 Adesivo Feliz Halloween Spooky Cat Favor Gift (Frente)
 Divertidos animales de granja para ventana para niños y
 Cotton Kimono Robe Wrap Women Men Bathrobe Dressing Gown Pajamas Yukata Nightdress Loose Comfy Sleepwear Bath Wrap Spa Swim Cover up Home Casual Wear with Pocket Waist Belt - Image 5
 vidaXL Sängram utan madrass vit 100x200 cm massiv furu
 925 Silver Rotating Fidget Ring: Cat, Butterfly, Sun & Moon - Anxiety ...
--
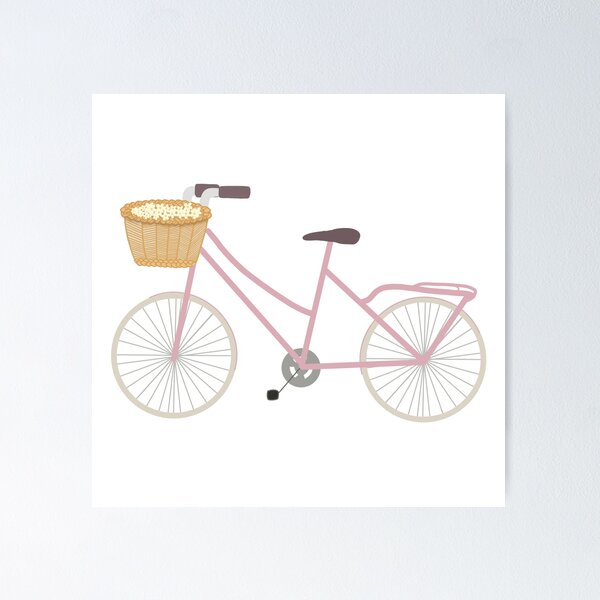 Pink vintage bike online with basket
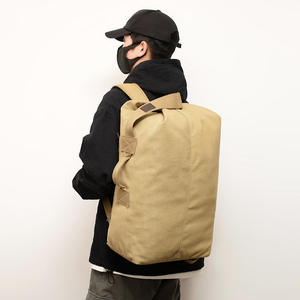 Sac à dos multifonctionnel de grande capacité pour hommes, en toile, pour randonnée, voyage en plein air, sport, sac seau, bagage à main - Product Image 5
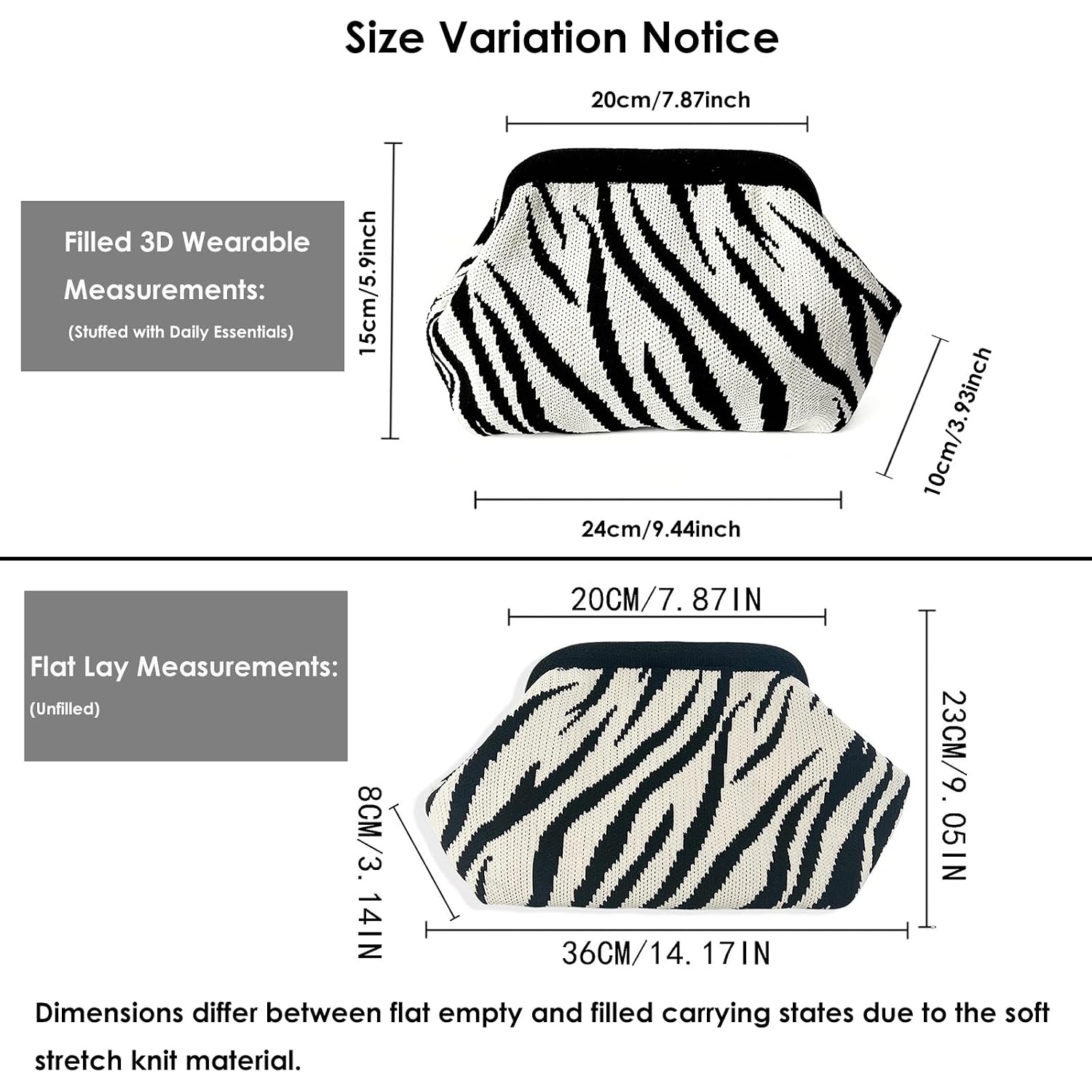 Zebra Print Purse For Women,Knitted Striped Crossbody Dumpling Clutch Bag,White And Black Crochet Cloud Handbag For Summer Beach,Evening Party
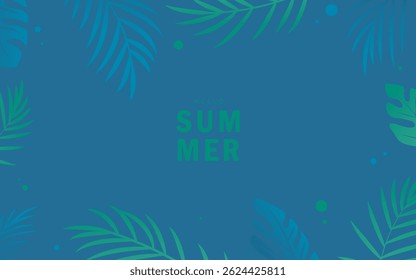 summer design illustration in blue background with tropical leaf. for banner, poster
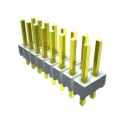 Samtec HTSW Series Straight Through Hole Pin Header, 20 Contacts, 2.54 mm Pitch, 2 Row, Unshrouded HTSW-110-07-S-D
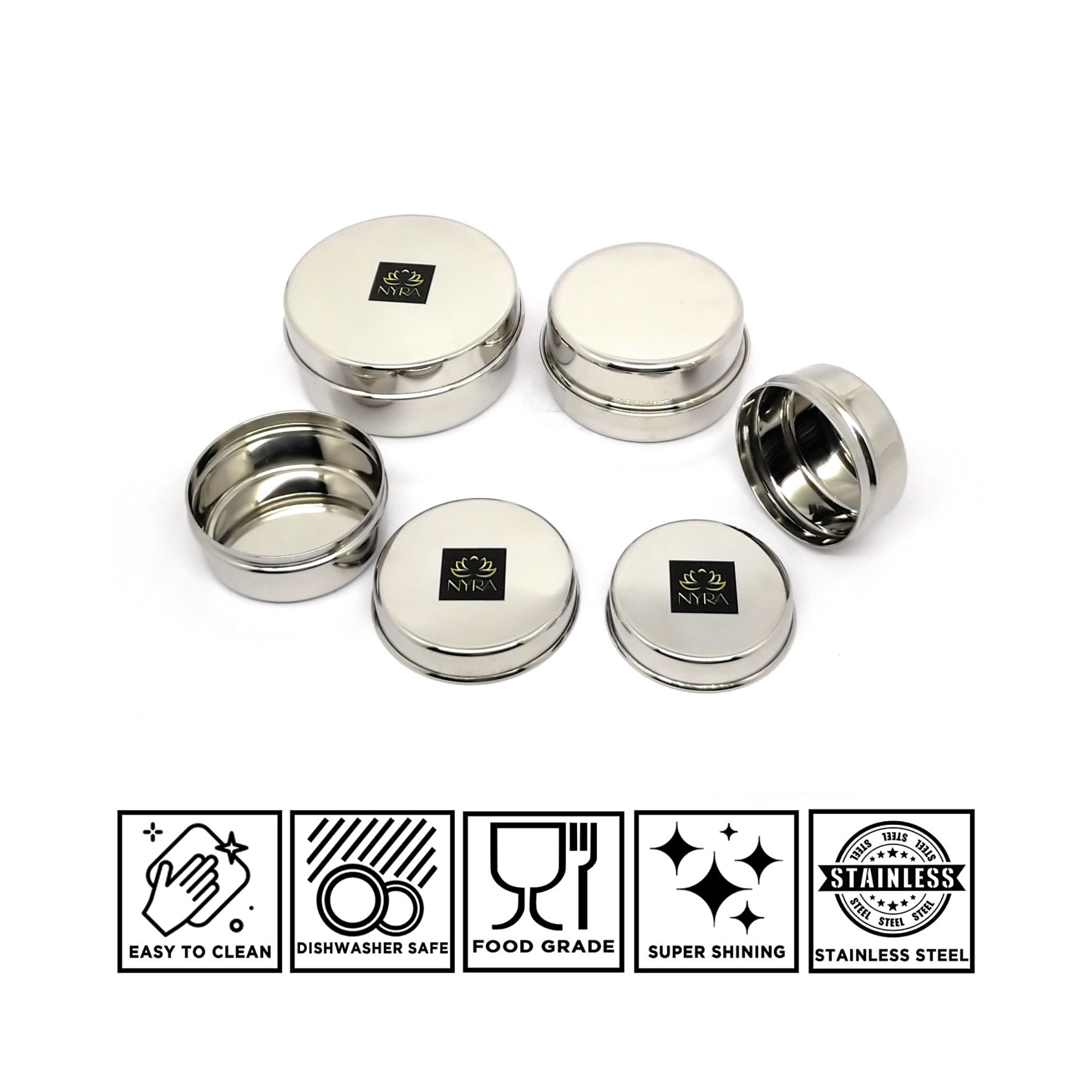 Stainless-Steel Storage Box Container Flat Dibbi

## Exercise details
Look above for the line with "summer design illustration" and copy exactly from it through the line with "Stainless-Steel Storage Box", both included. Omit the pictures.

## Expected output
 summer design illustration in blue background with tropical leaf. for banner, poster
 Samtec HTSW Series Straight Through Hole Pin Header, 20 Contacts, 2.54 mm Pitch, 2 Row, Unshrouded HTSW-110-07-S-D
 Stainless-Steel Storage Box Container Flat Dibbi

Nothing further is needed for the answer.